Hal itu menyusul terjadinya perang mulut antara politisi Ruhut Sitompul dengan Gayus Lumbuun, serta aktivitas komunikasi politik legislatif yang akhir ini kian kasar. "Memang kata kasar tak boleh masuk parlemen. Tapi etika berkomunikasi kita masih tergolong wajar," kata Effendi kepada Tempo, Kamis (7/1).
Kata kasar, lanjutnya, memang kerap keluar tanpa disadari, terutama saat emosi tak terkontrol serta karena ekspresi berlebihan. Tapi jika perkataan kasar tersebut mulai sering keluar dari mulut seseorang, maka masalahnya ada pada orang tersebut.

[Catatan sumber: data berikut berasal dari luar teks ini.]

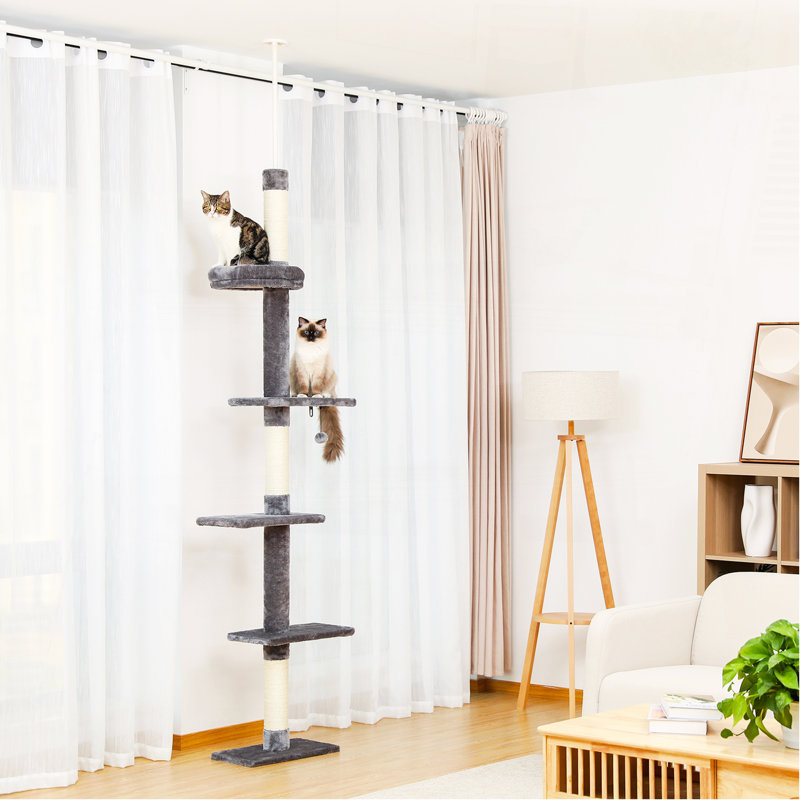 Tour pour chat interactive à 5 niveaux, Gris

"Sehingga perlu pembenahan proses rekrutmen di legislatif. Jangan sampai pencitraan jadi produk utama, mengalahkan program sang calon, misalnya memilih si X karena dia ganteng atau terkenal, peduli programnya jelas atau tidak," ungkapnya. Di luar Amerika Serikat, lanjutnya, ada kata kasar populer yakni 'what a f**k' yang sering terlontar tanpa disadari.
Meski begitu, kata-kata itu tidak sampai masuk parlemen Amerika. Di Indonesia, berdasarkan etika berkomunikasi politik, sikap kasar yang wajar memang ada porsinya. "Memang harus ada politisi yang kasar hingga yang lembut, namun tetap pada kisaran yang wajar. Itu adalah tujuan diskusi politik, supaya diskusi berjalan dinamis dan solutif," kata Effendi.
Komunikasi yang 'seragam' pernah terjadi di era orde baru. Mengadopsi lirik lagu Iwan Fals bahwa "wakil rakyat bukan paduan suara" menurut Effendi. hal itu tidak boleh sampai terjadi di era saat ini. "Strategi komunikasi politik harus dinamis. Ada yang kritis, ada yang konservatif dan lainnya, jangan sampai terjadi paduan suara," katanya.
Sementara mengenai adu fisik di parlemen, Effendi berpendapat, Indonesia masih lebih baik ketimbang Amerika Latin, Persia hingga Thailand dan Filipina.
"Disana sering terjadi adu fisik, sementara di Indonesia pernah terjadi sekali. Tapi di luar negeri adu fisik tak disertai kata-kata kotor."